Courtoisie, Flickr, Martha de Jong-Lantink, Creative commons

L’Antarctique, aux origines de la vie terrestre

Courtoisie, Flickr, Martha de Jong-Lantink, Creative commons


C’est à bord de l’Orthelius, ancien brise-glace de recherche russe, que Jean-Luc Desgranges, scientifique émérite retraité d’Environnement Canada, s’est lancé à la découverte de la péninsule subantarctique.

Camille Allard

«C’est peut-être le premier continent», lance d’emblée Jean-Luc Desgranges lors d’une conférence qu’il donnait pour le club de minéralogie du Québec. Le conférencier a ainsi souligné que l’Antarctique est le seul continent qui n’ait pas bougé depuis 2 500 ans. «Extrêmement polaires», ses conditions climatiques n’y ont pas changé : 5% seulement du sol n’est pas recouvert de glace, et ce, en été, depuis deux millénaires et demi. Voilà la différence avec l’Arctique : si l’Antarctique est un continent terrestre, l’Arctique est plutôt un océan polaire.
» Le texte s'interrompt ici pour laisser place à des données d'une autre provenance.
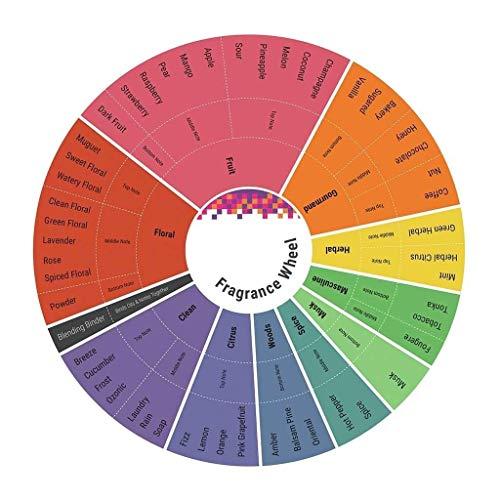 Dr Teal's Dr Teal\'s Foot Cream, Moisturize & Soften, with Shea Butter & Aloe Vera, 8 oz.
Les conditions extrêmes de l’Antarctique sont caractérisées par des vents dits catabatiques. Ces vents, constitués d’un air sec, dense et glacial, peuvent atteindre 100 km/h le long des côtes du continent. Leur puissance est sensationnelle : «On n’imagine pas la force et la durée des vents», déclare le scientifique. Pourtant, une faune et une flore se sont développé dans ces conditions. En effet, de gros oiseaux adaptés aux vents, comme l’albatros, vivent sur la péninsule subantarctique. De nombreuses espèces de baleines nagent également dans les eaux glacées qui bordent le continent. La végétation est typique d’un pergélisol constant, car elle se compose d’une oasis de lichens et de mousses. Cependant, malgré sa cuirasse glacée et ses apparentes conditions difficiles, l’Antarctique est un continent «fragile et vulnérable, une mémoire de la terre et un témoin révélateur de l’empreinte terrestre».
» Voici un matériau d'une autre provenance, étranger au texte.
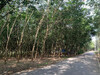 รูปย่อ GT-033 ขายสวนยางพร้อมที่ดิน 34 ไร่ ติดถ.เส้น 344 หนองเสือช้าง หนองใหญ่ ชลบุรี รูปที่2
Cette fragilité est actuellement menacée par l’Homme, dont les intérêts «priment bien souvent sur les intérêts scientifiques», déplore Jean-Luc Desgranges. En dépit du traité de l’Antarctique qui vise à protéger la péninsule subantarctique, le potentiel économique du continent menace l’équilibre de ce dernier. Ainsi, l’installation de stations de recherche, dont la véracité des objectifs principaux porte aux doutes, sème la suspicion parmi la communauté scientifique internationale. Par exemple, l’époque jurassique a laissé différents filons de minéraux exploitables. Des fossiles de dinosaures, ancêtres des oiseaux marins bordant les côtes du continent, y ont aussi été découverts. Des fouilles archéologiques pourraient servir de prétexte à des forages et menacer le sous-sol de l’Antarctique.
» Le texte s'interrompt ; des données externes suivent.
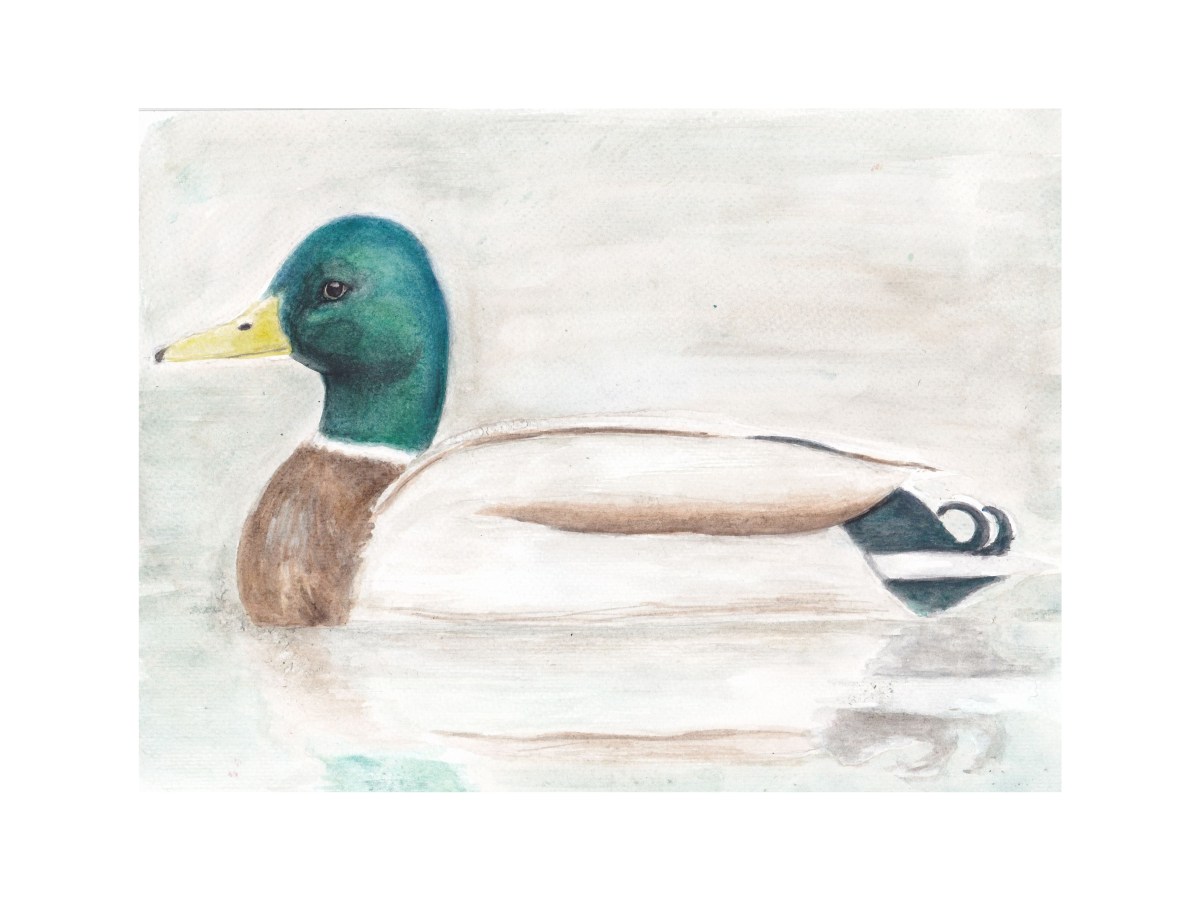 Mallard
De fait, la situation géographique de l’Antarctique est idéale pour des fins d’études dans plusieurs domaines scientifiques. Ainsi, sa position favorable à l’étude de la couche d’ozone fait d’elle un continent convoité. Qui pourra le revendiquer ? L’Argentine, qui souhaite pouvoir s’approprier le territoire dès que possible, a célébré la naissance d’enfants dans sa station Esperanza, alors que ce type de cérémonie est interdit par les édits du traité de l’Antarctique.